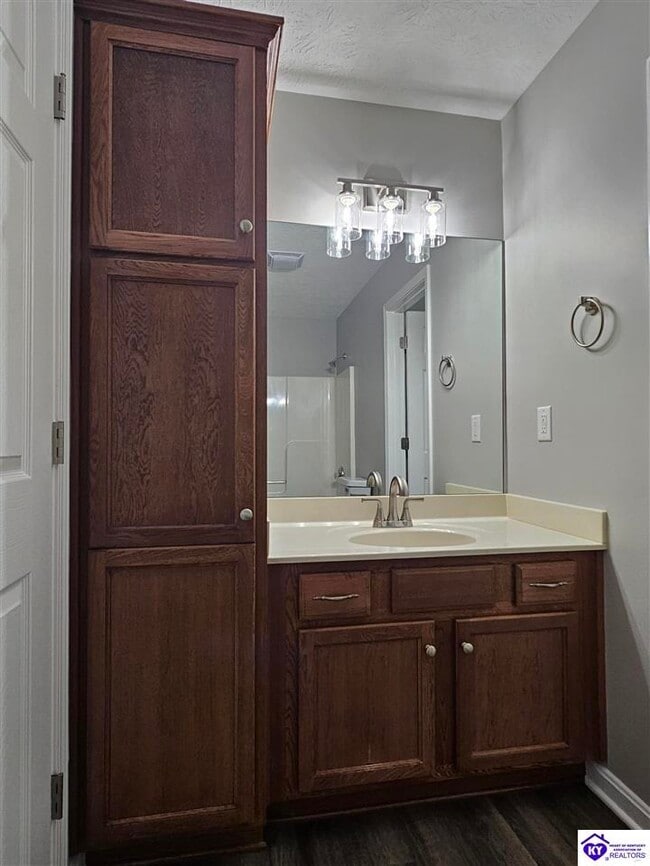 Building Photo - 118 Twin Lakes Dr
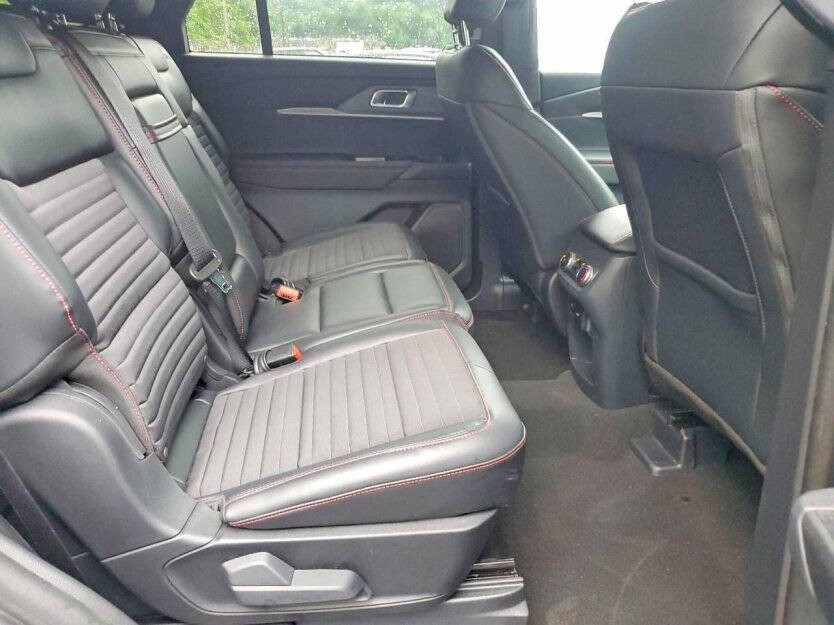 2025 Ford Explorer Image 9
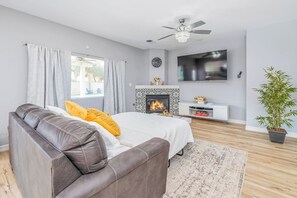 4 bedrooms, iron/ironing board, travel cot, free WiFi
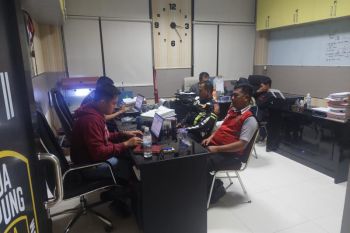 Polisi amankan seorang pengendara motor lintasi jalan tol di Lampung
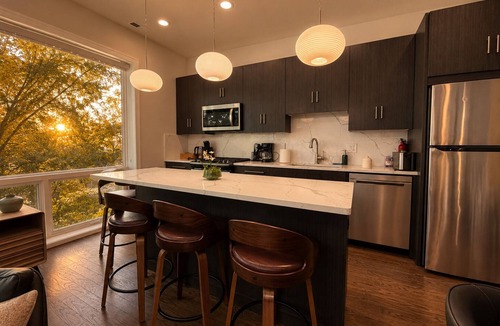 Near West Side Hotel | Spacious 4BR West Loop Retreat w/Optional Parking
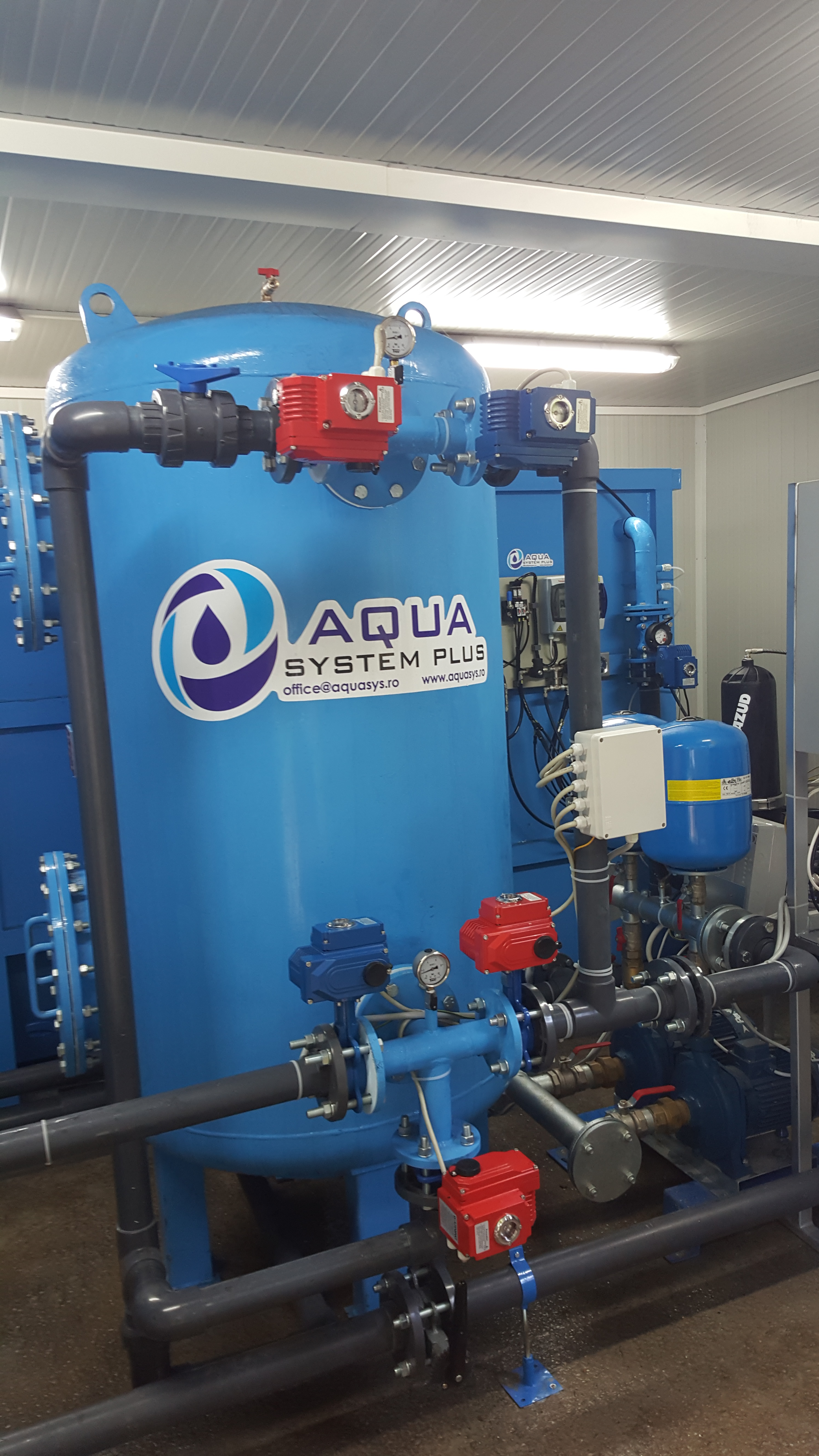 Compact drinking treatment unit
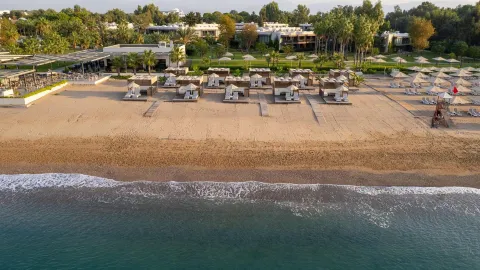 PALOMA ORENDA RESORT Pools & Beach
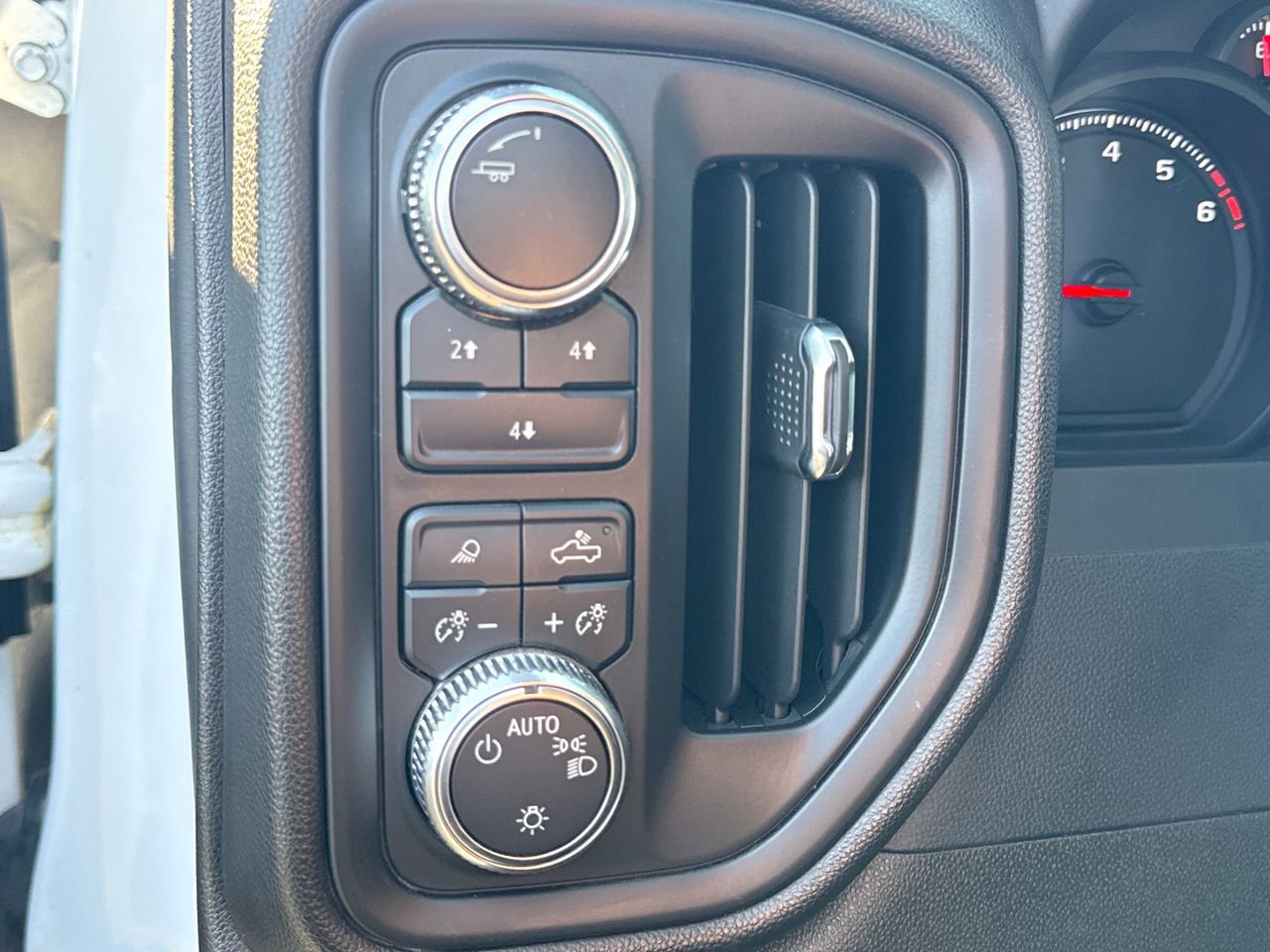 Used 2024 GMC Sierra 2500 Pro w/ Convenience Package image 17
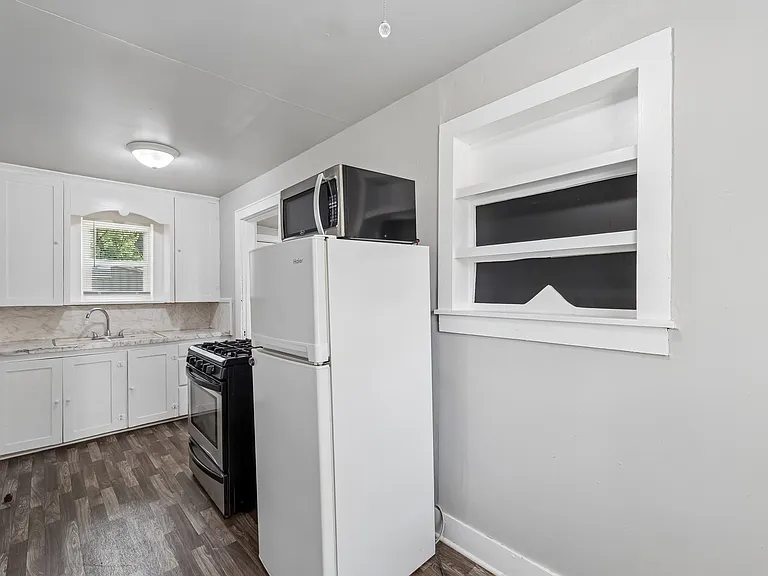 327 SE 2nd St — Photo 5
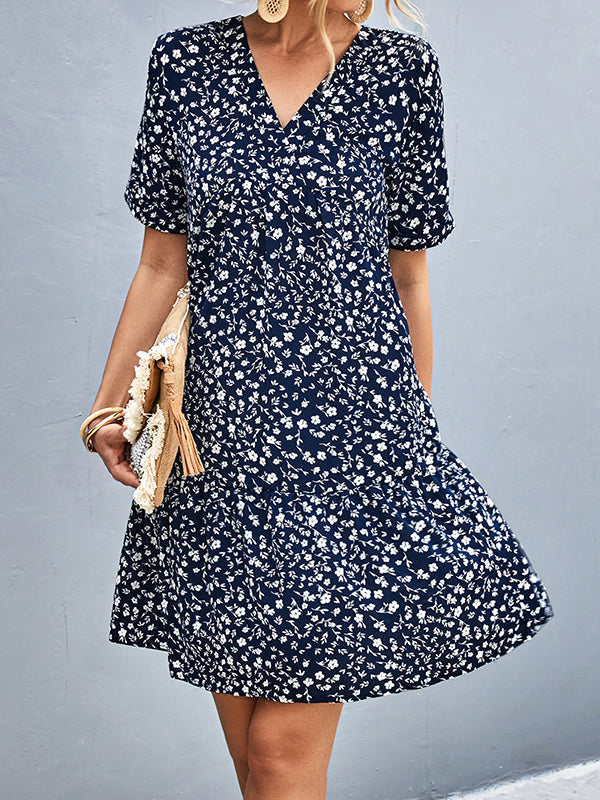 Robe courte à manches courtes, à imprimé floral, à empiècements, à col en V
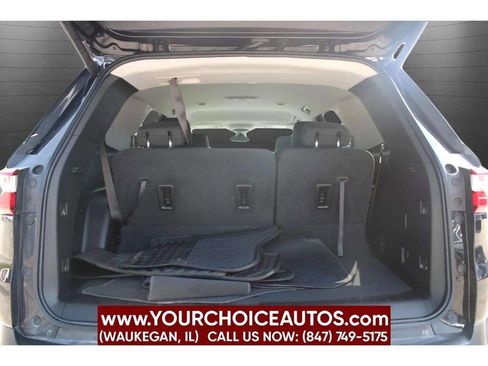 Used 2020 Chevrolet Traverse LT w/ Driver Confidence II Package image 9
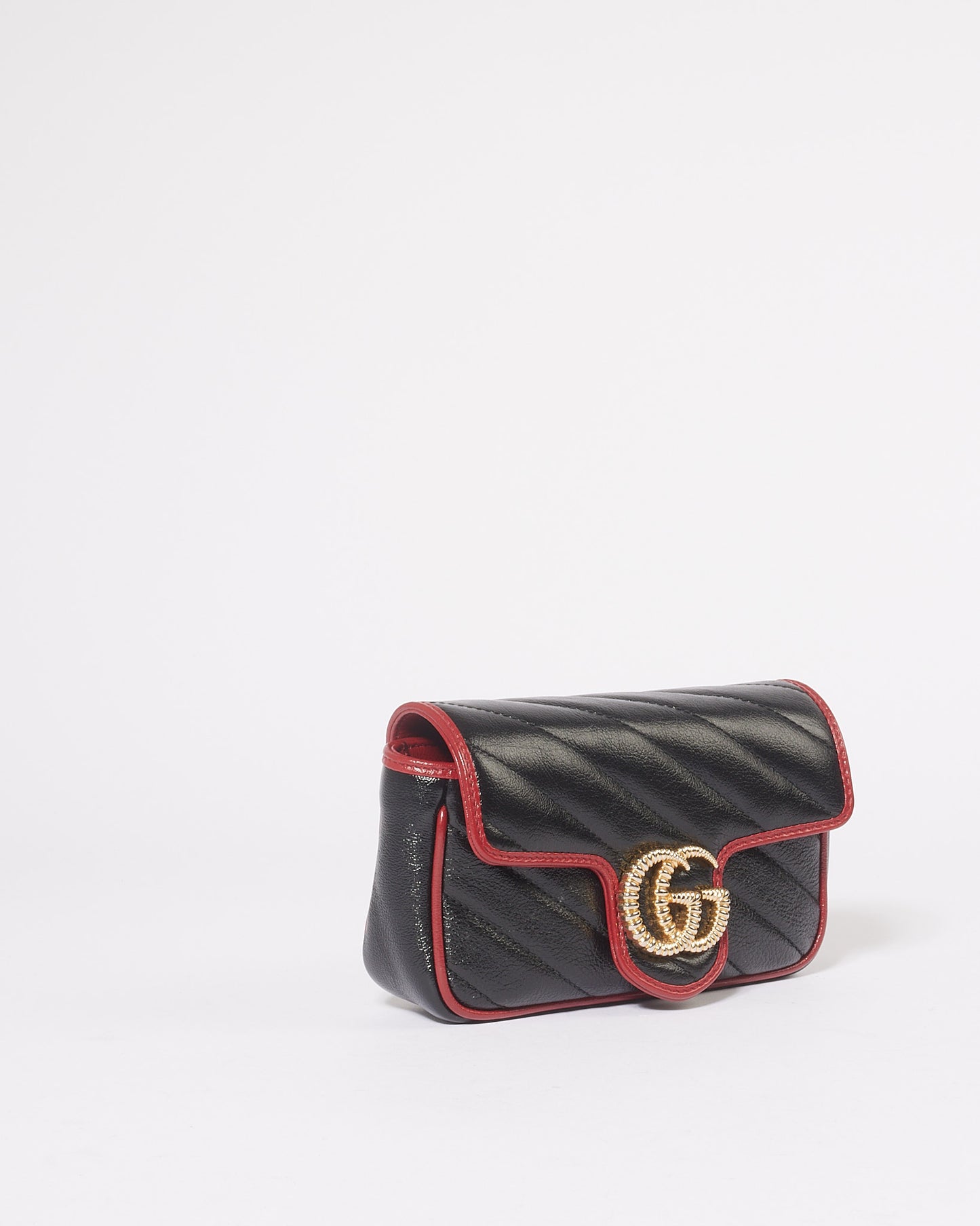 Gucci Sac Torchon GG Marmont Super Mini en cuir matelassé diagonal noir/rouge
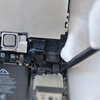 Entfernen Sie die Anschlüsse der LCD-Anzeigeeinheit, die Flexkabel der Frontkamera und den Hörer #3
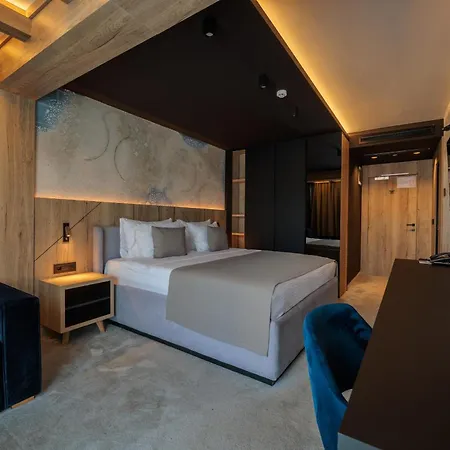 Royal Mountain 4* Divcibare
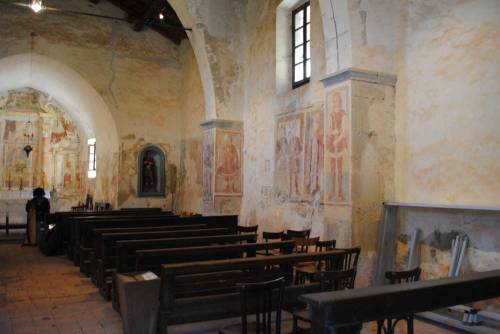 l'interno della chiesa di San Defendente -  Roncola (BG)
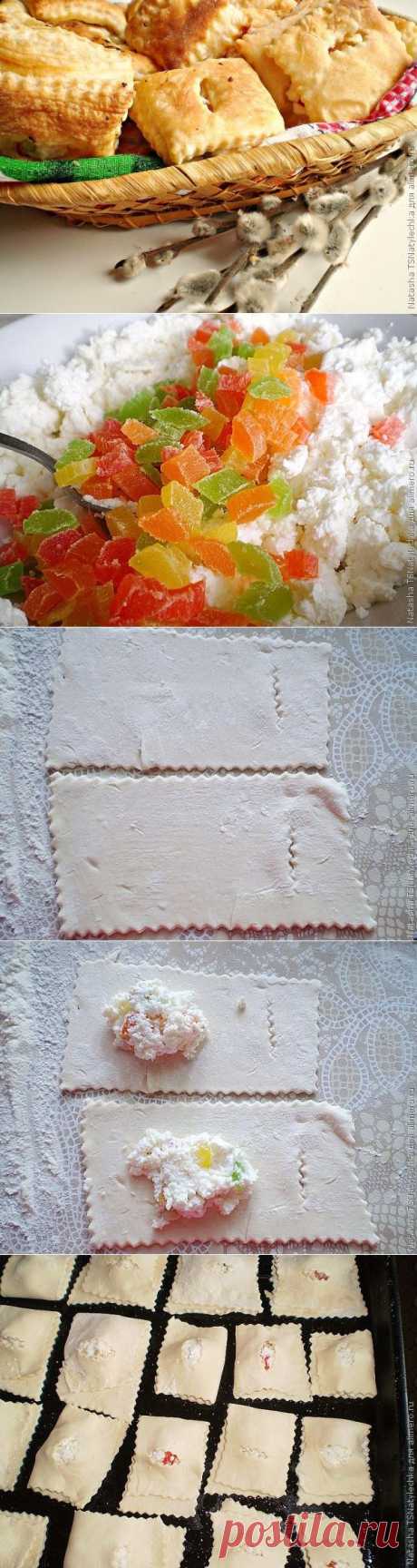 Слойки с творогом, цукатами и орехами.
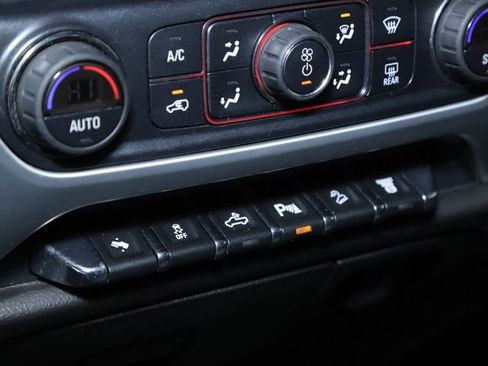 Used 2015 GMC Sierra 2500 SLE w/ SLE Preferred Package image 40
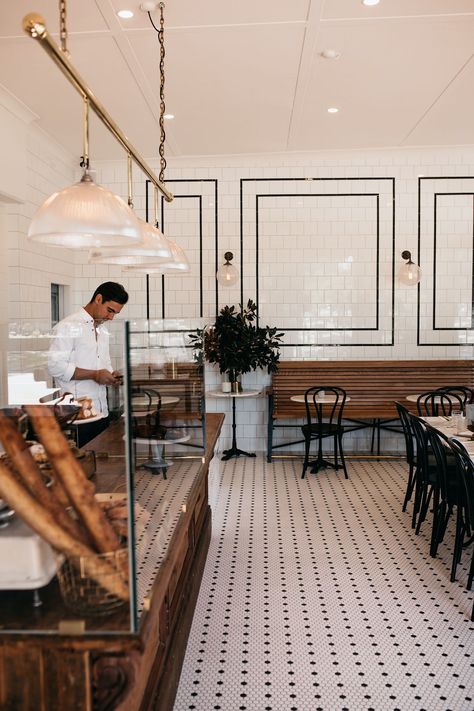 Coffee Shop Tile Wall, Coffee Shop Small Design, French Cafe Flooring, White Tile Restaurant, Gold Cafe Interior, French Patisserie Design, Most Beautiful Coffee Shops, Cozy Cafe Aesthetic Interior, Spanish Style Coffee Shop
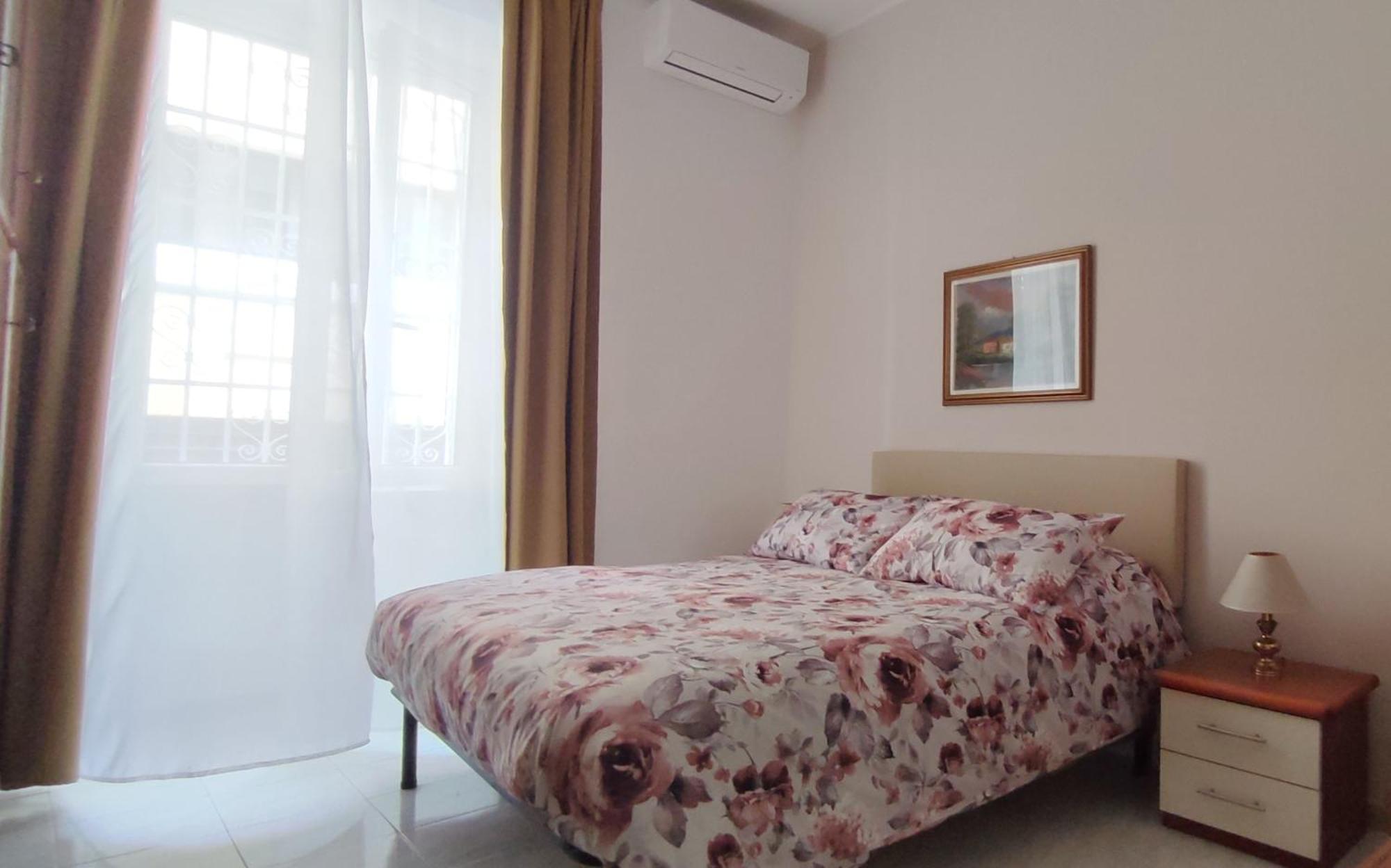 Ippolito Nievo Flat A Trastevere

Exercise details:
Could you output exactly the lines above, from the line with "Compact drinking treatment unit" up to and including the line with "Used 2020 Chevrolet", and nothing else, skipping the pictures?

Result for this exercise:
 Compact drinking treatment unit
 PALOMA ORENDA RESORT Pools & Beach
 Used 2024 GMC Sierra 2500 Pro w/ Convenience Package image 17
 327 SE 2nd St — Photo 5
 Robe courte à manches courtes, à imprimé floral, à empiècements, à col en V
 Used 2020 Chevrolet Traverse LT w/ Driver Confidence II Package image 9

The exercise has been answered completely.